What the task asks:
Word for word, restate the listing; omit the pictures.

*** Opening Material provided ***

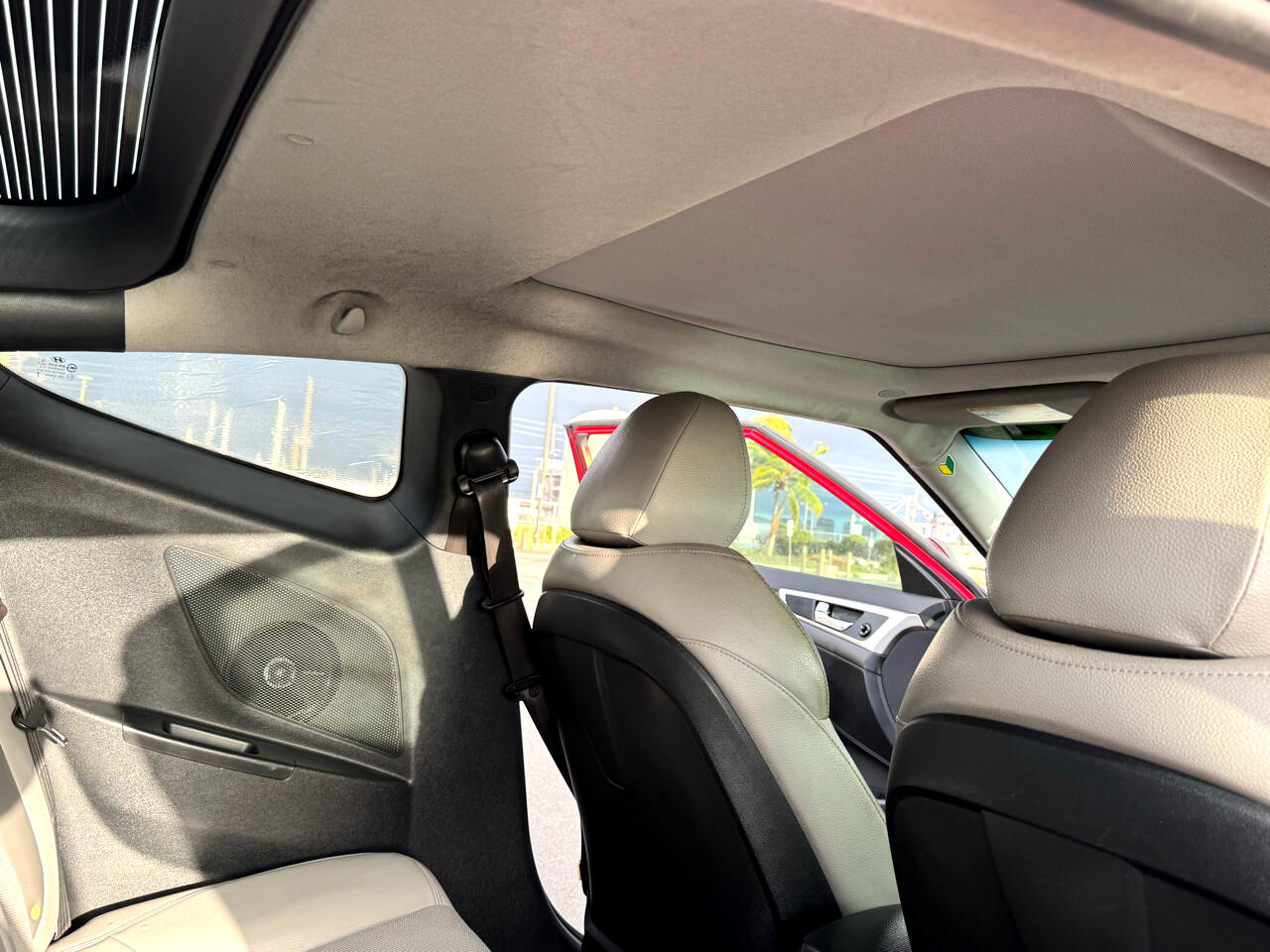 Hyundai Veloster Base 2012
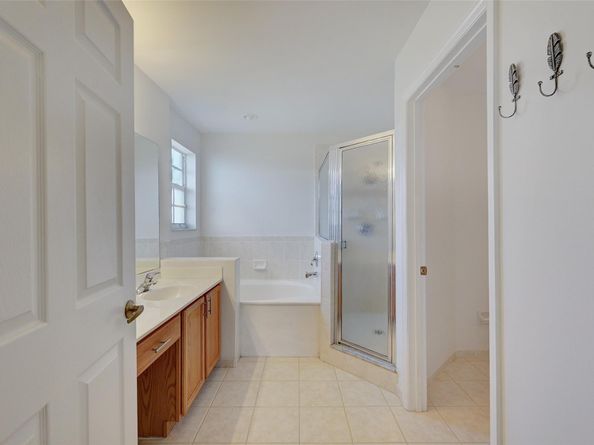 5301 NW 123rd Ter, Coral Springs FL 33076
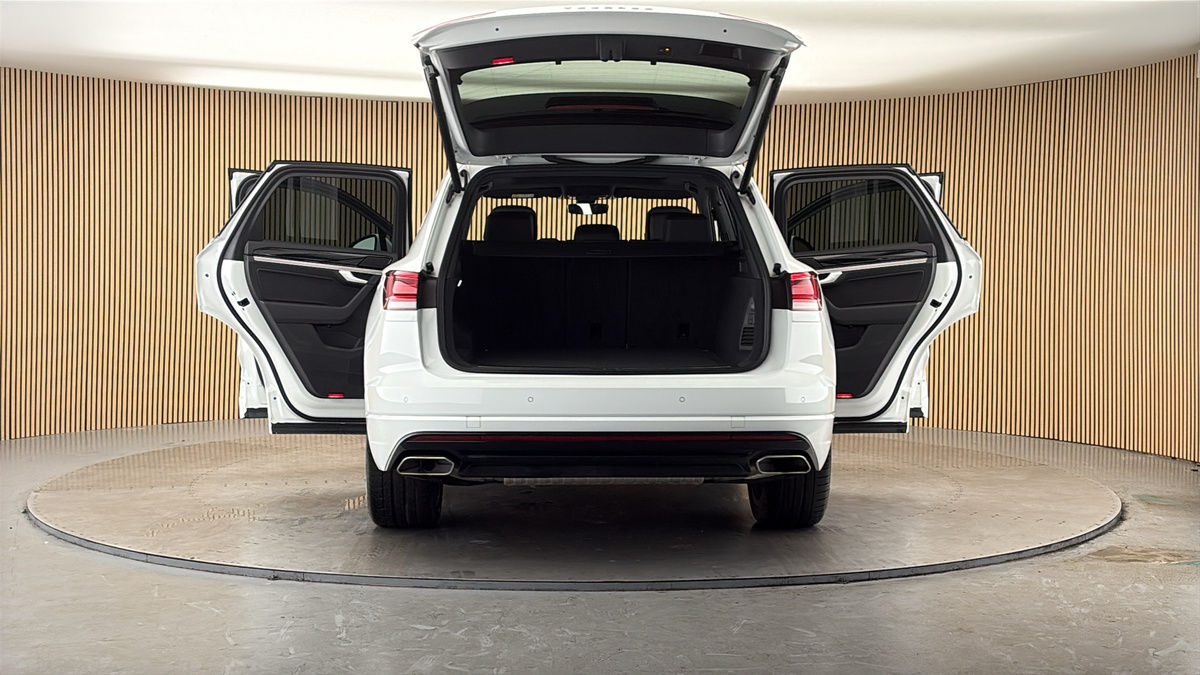 More views of Volkswagen Touareg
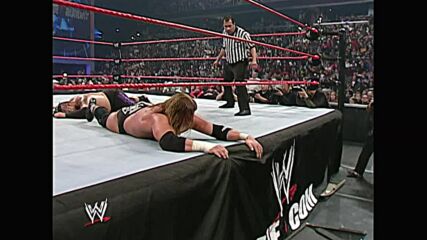 Triple H vs. Umaga – Street Fight: WWE Cyber Sunday 2007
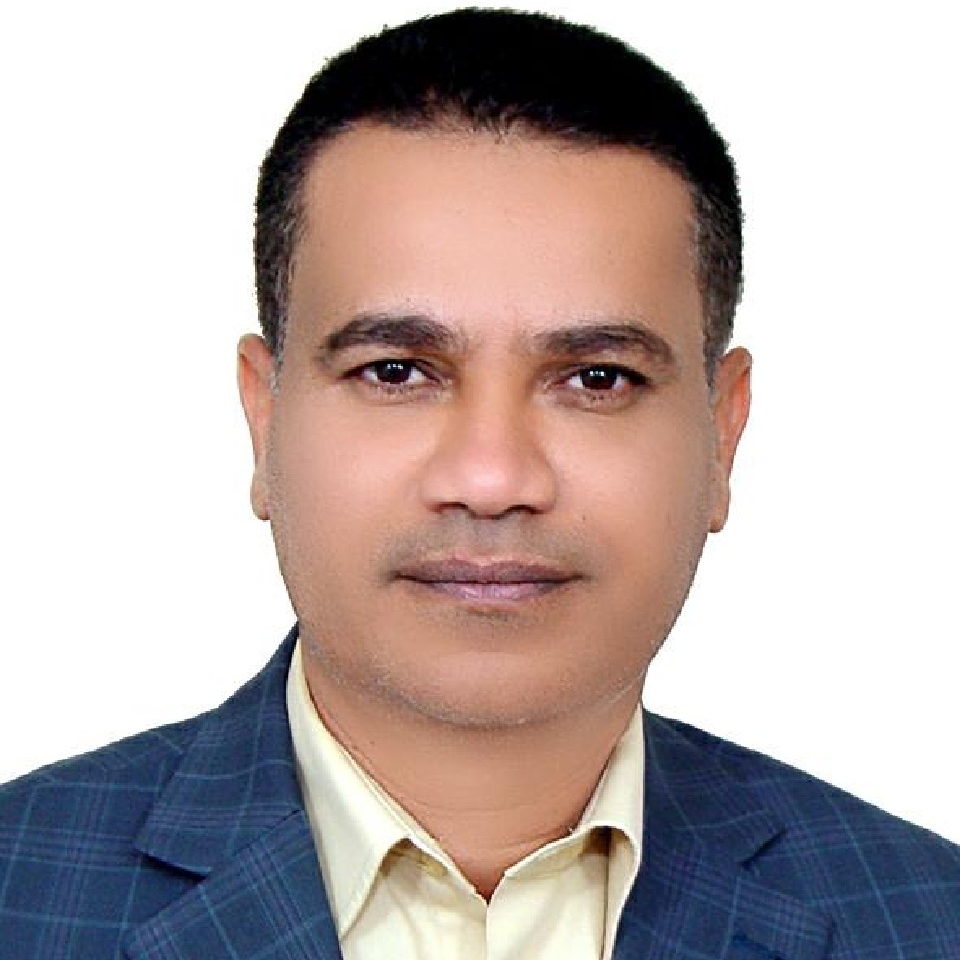 علی مکارنصیرائی 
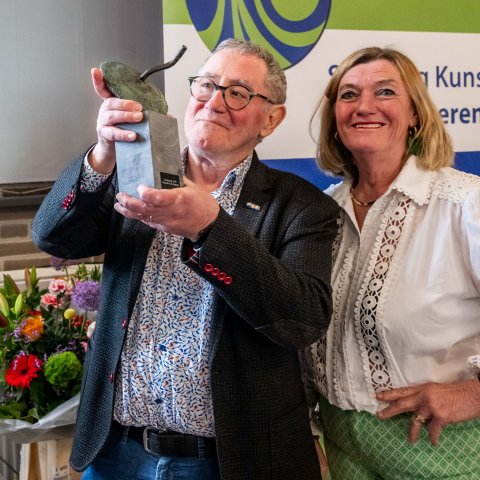 De heer Hennen met ‘et Zwingelke' in de handen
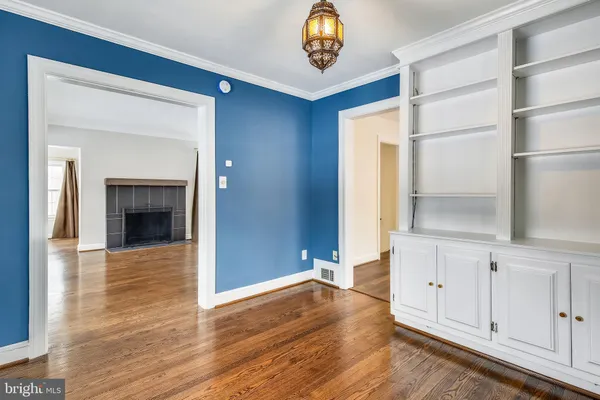 $6,200 | 111 South Oak Street, Falls Church, VA 22046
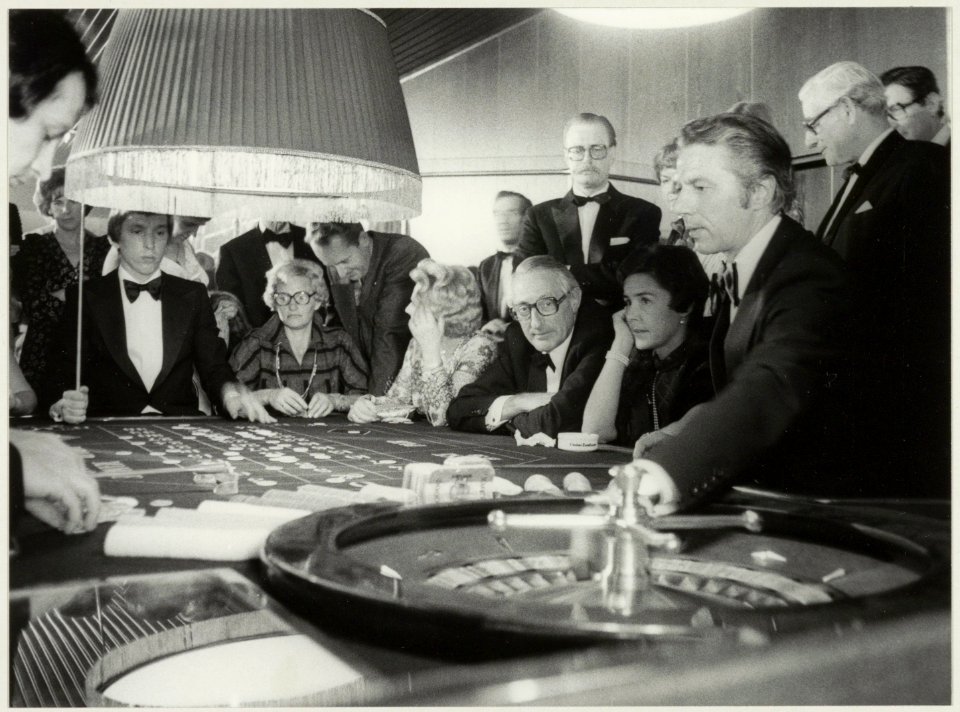 Interieur van het casino in Zandvoort. NL-HlmNHA 54012354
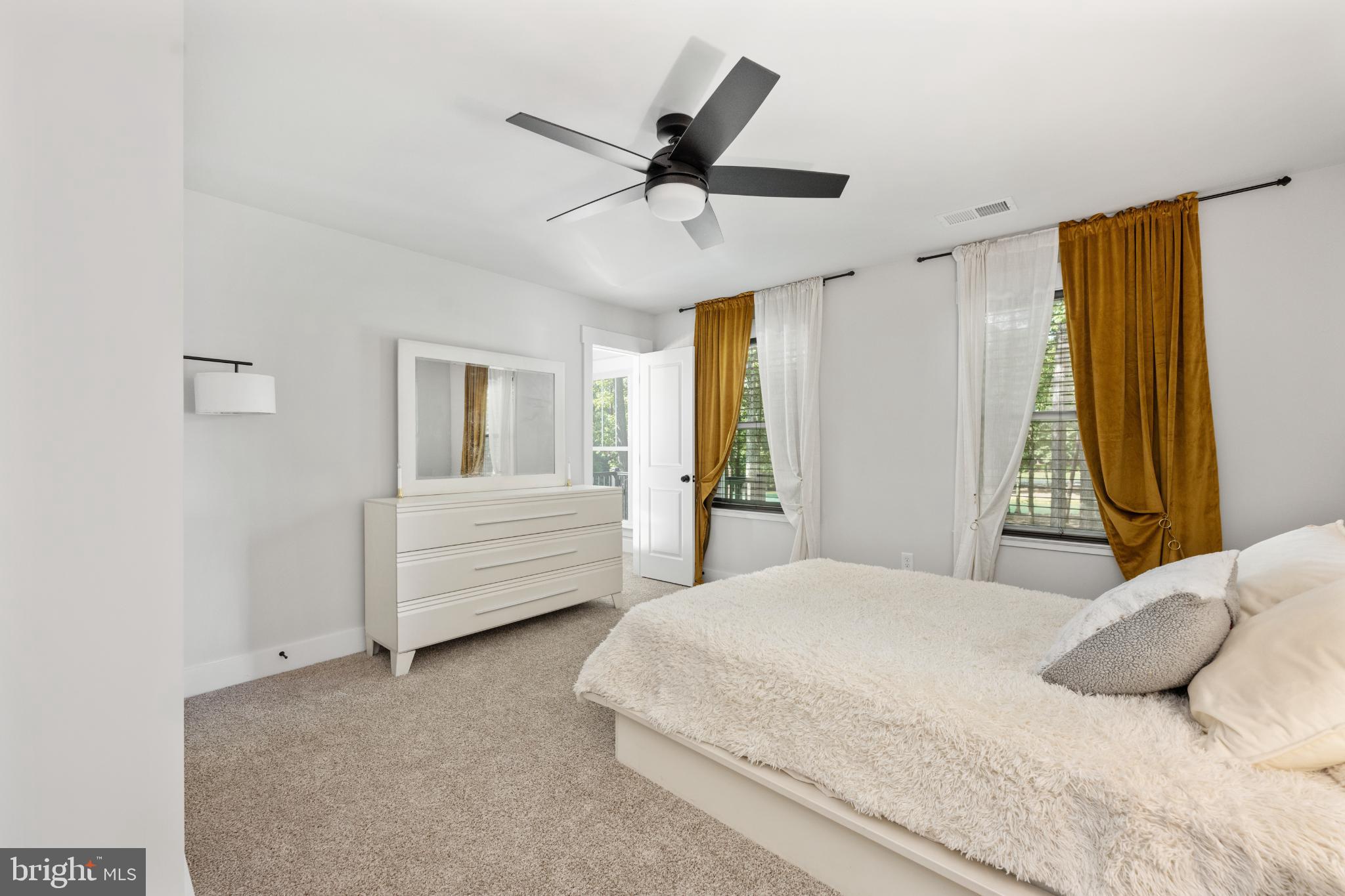 FAWN LAKE - Residential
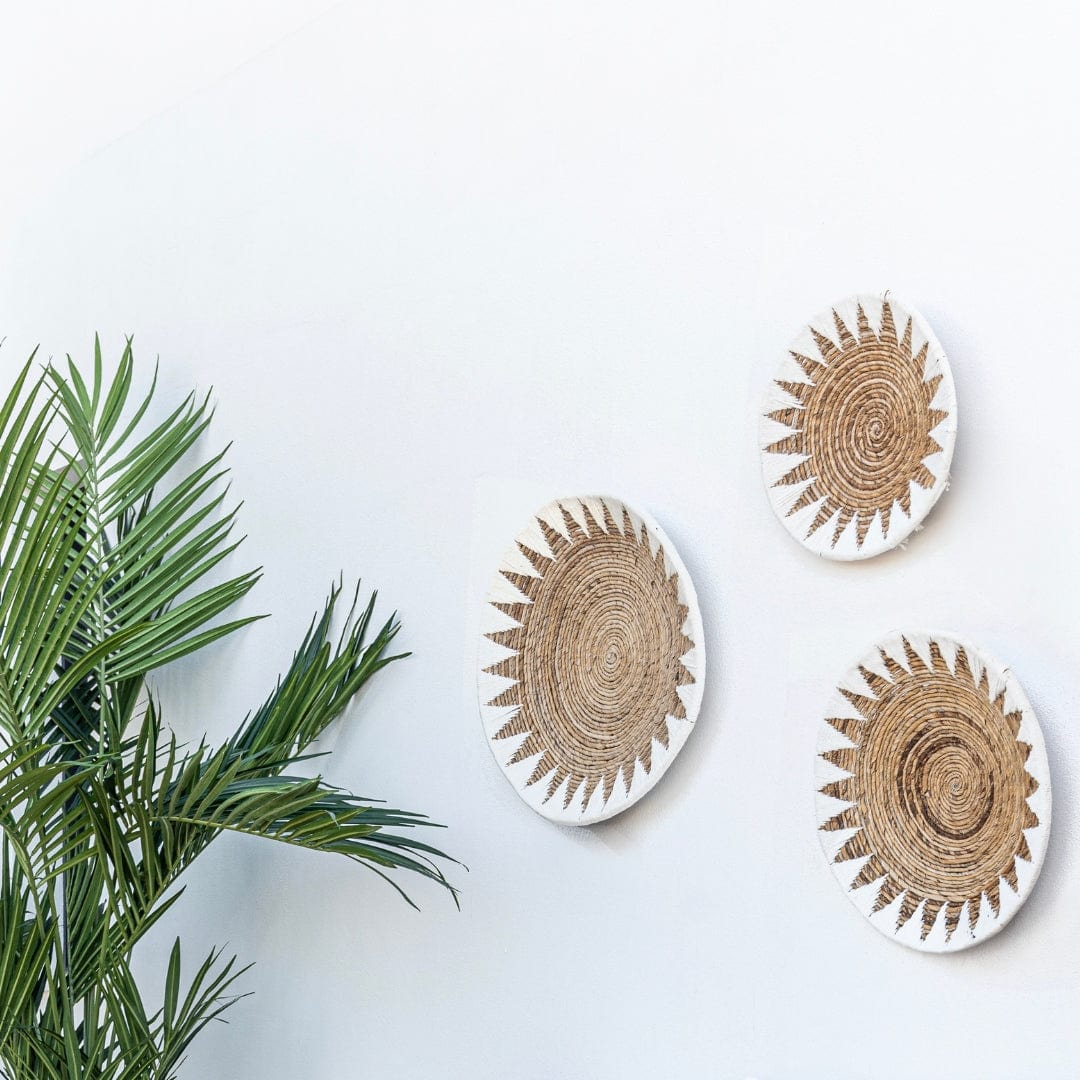 Zoco Home Decor/Accessories Banana Wall Deco Basket | White & Natural 60cm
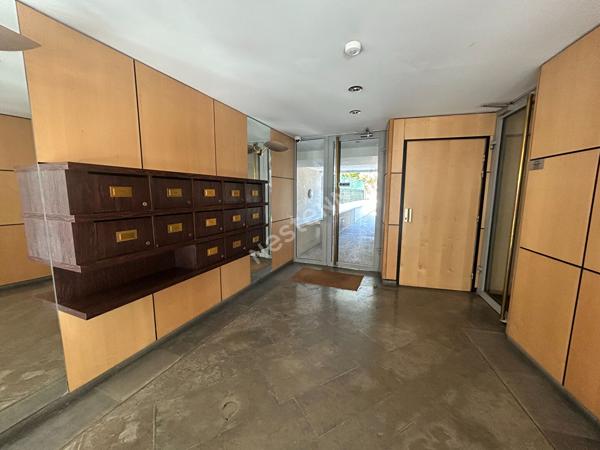 Appartement T2 VILLEURBANNE TOTEM, LIMITE LYON 3, TERRASSE, GARAGE ET CAVE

*** Closing Material provided ***

Solution to this exercise:
 Hyundai Veloster Base 2012
 5301 NW 123rd Ter, Coral Springs FL 33076
 More views of Volkswagen Touareg
 Triple H vs. Umaga – Street Fight: WWE Cyber Sunday 2007
 علی مکارنصیرائی 
 De heer Hennen met ‘et Zwingelke' in de handen
 $6,200 | 111 South Oak Street, Falls Church, VA 22046
 Interieur van het casino in Zandvoort. NL-HlmNHA 54012354
 FAWN LAKE - Residential
 Zoco Home Decor/Accessories Banana Wall Deco Basket | White & Natural 60cm
 Appartement T2 VILLEURBANNE TOTEM, LIMITE LYON 3, TERRASSE, GARAGE ET CAVE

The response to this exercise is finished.